White are the robes of the sinless,
White are the souls of the pure,
Slowly their wings are spreading,
Protecting against thy wrath.
Through the sword of justice,
Your whip, created of anger, comes.
Through the hand of my protector,
Thou cometh to stop my path.
From thee I shy away,
from thee I turn away.
Thou wrath of despair,
Is naught but a hopeless case,
Senseless and childish in every way.
Thy whips of sin, anger and secluded nature,
Has shattered my angel, my protector.
But thy has awoken in me,
A passion for the truth and righteous
That ye will never know or ever shall see.

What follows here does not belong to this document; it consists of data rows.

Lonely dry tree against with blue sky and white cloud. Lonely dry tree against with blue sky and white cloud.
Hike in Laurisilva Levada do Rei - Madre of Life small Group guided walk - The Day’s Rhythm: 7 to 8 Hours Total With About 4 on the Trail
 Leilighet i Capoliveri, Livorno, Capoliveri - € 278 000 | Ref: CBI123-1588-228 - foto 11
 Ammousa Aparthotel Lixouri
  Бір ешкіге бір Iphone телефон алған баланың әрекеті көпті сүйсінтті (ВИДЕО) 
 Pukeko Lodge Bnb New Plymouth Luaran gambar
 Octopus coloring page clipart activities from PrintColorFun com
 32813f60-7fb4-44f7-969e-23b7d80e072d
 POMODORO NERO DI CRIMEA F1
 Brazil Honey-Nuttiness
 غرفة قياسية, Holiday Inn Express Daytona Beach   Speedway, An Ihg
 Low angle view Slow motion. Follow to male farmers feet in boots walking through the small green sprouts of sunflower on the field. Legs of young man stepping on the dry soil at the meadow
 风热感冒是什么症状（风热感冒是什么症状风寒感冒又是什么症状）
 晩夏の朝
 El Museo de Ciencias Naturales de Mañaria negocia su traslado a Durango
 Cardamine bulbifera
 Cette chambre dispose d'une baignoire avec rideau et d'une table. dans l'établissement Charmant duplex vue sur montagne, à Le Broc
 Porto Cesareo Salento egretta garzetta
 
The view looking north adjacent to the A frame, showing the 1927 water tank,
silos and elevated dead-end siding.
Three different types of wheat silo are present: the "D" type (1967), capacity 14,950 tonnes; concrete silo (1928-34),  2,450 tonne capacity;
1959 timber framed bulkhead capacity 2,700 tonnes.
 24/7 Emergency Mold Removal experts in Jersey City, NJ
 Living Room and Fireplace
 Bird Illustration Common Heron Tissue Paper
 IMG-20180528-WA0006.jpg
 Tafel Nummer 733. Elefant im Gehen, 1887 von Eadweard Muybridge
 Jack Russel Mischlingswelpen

Thou art the one that will fall,
As thou has defeated me once,
Thou will no more.
For I need no such protection,
From a guardian of the pure.
Thou hast thought me the way
To be free from fear
And face ye in full glory.
Cometh and face me,
O master of thy wrath.
O come and defeat me,
For thou knoweth ye shall not.
Though the Angels have fallen,
My spirit lives, to keep me from thy grasp,
To save me from thy sin.
Thou can cometh,
But thou shalt never win.
A few words:
This poem is written with many archaic words (such as “thy” and “thou”). Although, today’s modern society has made these words seem “cheesy” (for lack of a better term), I think that the Archaic way of speaking is beautiful and very formal (compared to the informalities of the “now” English language). I do not know the perfect grammar, and sentence structures for the archaic tongue, but I gave it a try.